Any solution, no matter how well it has been conceived will not be successful unless it is embraced by its intended end-users. Here are some quick tips to help promote acceptance (though I don't guarantee it.)
- Understand how end-users work: Find out why they do the things they do. If you show an interest in them, they will be more comfortable with what you're trying to accomplish.
- Provide opportunities for feedback: This is particularly important when there are user interfaces involved. At regular intervals, let people see the development and direction and be willing to listen to suggestions and feedback.
- Manage change: If something has to change let your customer understand the rationale. "Because it has too..." is not a useful response. If the change is meant to make things better explain how.

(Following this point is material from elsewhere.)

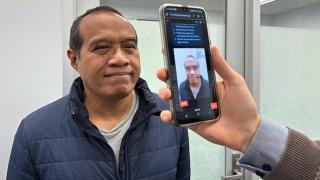 Un móvil usando IA para detectar enfermendades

- Make it seem familiar: People by nature are resistant to change. Perhaps there is opportunity to gradually phase in changes (smaller changes are easier to digest) or provide an interface that is similar to an existing one.
- Enlist champions: End-users that can teach other end-users are a great way to provide support. It also gives the champions a sense of ownership for the adoption. Early adopters are good individuals to use as champions.
- Teach don't point: When someone asks for help one of the worst things you can do is point them to a manual. Spend time to teach them how it works. Show them they're important.
- Measure & report: If the new solution is meant to improve productivity, show them the gains that have been made over time as the end-users become more familiar and move up the adoption curve. This type of information shouldn't just be provided to the project sponsors and management.